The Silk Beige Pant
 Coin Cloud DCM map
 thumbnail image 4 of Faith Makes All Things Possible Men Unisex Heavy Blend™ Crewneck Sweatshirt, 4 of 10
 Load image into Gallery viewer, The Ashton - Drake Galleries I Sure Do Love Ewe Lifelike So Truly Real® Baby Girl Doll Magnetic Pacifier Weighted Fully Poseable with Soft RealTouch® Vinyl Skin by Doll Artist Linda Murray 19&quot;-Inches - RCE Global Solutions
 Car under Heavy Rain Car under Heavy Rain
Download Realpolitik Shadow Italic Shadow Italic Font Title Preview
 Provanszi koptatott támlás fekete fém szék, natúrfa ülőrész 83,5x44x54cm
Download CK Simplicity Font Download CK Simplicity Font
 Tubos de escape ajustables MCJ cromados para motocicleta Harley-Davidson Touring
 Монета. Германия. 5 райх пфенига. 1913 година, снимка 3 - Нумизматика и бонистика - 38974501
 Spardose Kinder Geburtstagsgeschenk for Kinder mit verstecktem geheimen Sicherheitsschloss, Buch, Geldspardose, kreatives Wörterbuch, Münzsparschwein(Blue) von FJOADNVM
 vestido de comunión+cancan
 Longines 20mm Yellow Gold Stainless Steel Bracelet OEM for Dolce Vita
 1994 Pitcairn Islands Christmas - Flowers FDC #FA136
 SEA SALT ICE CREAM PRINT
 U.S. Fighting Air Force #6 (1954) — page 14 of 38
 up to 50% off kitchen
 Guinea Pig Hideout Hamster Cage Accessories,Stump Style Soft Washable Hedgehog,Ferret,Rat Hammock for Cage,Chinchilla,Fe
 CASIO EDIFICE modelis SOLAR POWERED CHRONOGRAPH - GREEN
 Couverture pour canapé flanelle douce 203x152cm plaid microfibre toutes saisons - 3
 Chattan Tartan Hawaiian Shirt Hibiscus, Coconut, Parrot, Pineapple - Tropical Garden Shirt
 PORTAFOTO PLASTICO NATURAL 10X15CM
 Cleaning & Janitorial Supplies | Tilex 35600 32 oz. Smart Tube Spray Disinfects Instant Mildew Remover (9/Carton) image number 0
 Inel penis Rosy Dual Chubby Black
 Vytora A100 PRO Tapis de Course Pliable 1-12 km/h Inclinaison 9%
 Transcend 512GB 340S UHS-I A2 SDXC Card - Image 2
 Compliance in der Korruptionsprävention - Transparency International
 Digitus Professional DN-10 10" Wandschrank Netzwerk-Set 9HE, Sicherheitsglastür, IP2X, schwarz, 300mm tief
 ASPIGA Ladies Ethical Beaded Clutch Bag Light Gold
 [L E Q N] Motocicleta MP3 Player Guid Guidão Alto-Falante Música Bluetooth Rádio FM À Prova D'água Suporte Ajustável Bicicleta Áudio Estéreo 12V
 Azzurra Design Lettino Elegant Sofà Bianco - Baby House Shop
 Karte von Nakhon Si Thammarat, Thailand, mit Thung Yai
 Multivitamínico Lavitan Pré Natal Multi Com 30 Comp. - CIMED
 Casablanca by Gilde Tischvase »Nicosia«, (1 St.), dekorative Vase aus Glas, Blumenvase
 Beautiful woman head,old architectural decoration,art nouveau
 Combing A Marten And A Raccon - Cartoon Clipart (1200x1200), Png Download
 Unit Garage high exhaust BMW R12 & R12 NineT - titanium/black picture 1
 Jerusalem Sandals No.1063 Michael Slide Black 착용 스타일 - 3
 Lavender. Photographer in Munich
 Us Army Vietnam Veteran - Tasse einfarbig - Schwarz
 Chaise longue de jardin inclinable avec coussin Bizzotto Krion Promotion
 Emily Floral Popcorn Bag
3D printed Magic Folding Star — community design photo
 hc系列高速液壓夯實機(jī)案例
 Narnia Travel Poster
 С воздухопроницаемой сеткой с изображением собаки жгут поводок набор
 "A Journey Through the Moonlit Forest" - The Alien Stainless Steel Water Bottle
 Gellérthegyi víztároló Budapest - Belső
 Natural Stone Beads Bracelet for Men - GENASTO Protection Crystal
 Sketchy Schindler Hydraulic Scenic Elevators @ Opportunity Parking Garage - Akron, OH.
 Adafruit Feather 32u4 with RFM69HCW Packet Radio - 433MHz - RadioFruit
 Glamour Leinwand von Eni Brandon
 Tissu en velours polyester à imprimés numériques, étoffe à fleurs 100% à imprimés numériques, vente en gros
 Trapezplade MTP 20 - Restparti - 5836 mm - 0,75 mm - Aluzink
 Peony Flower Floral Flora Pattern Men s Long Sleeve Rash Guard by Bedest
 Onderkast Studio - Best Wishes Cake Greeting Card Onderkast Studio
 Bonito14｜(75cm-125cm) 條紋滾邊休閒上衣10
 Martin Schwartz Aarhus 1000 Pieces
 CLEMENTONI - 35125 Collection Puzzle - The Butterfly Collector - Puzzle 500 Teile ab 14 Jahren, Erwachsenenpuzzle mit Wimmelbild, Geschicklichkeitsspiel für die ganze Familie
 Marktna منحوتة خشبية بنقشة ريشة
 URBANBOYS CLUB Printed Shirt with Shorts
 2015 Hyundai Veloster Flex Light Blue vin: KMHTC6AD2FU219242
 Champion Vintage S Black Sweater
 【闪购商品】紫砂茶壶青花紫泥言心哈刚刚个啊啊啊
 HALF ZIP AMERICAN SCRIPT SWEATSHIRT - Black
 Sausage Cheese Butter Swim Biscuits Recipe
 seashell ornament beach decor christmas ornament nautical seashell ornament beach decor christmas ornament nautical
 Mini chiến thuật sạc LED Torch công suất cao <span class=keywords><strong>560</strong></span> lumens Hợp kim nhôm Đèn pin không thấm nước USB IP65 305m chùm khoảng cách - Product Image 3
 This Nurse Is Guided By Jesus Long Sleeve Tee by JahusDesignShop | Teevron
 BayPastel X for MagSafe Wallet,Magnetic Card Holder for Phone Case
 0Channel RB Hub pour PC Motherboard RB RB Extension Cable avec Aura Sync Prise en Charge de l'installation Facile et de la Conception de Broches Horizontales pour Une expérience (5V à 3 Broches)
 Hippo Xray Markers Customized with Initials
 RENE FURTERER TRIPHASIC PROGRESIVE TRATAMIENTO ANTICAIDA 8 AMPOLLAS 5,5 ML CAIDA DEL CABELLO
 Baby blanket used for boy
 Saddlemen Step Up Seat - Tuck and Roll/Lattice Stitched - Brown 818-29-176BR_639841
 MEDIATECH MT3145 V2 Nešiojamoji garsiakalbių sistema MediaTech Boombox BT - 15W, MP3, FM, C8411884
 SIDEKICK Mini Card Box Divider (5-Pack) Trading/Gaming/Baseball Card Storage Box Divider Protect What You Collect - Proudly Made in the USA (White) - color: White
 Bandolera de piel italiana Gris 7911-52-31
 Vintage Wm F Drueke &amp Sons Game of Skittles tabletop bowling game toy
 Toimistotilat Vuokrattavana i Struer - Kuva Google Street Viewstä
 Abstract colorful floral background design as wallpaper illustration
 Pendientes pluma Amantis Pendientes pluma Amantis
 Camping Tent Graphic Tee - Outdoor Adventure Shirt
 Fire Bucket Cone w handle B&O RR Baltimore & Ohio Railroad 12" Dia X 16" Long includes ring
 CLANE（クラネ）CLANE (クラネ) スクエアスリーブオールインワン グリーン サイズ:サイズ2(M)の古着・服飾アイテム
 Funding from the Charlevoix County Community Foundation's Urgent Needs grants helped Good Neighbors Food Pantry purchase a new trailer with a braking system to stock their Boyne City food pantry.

★ ★ ★ ★ ★ ★ ★

## Exercise
Exactly the lines above from the one with "ornament nautical seashell" to the one with "Saddlemen Step Up", both included, are to be quoted; leave the rest out.

## Solution to the problem
 seashell ornament beach decor christmas ornament nautical seashell ornament beach decor christmas ornament nautical
 Mini chiến thuật sạc LED Torch công suất cao <span class=keywords><strong>560</strong></span> lumens Hợp kim nhôm Đèn pin không thấm nước USB IP65 305m chùm khoảng cách - Product Image 3
 This Nurse Is Guided By Jesus Long Sleeve Tee by JahusDesignShop | Teevron
 BayPastel X for MagSafe Wallet,Magnetic Card Holder for Phone Case
 0Channel RB Hub pour PC Motherboard RB RB Extension Cable avec Aura Sync Prise en Charge de l'installation Facile et de la Conception de Broches Horizontales pour Une expérience (5V à 3 Broches)
 Hippo Xray Markers Customized with Initials
 RENE FURTERER TRIPHASIC PROGRESIVE TRATAMIENTO ANTICAIDA 8 AMPOLLAS 5,5 ML CAIDA DEL CABELLO
 Baby blanket used for boy
 Saddlemen Step Up Seat - Tuck and Roll/Lattice Stitched - Brown 818-29-176BR_639841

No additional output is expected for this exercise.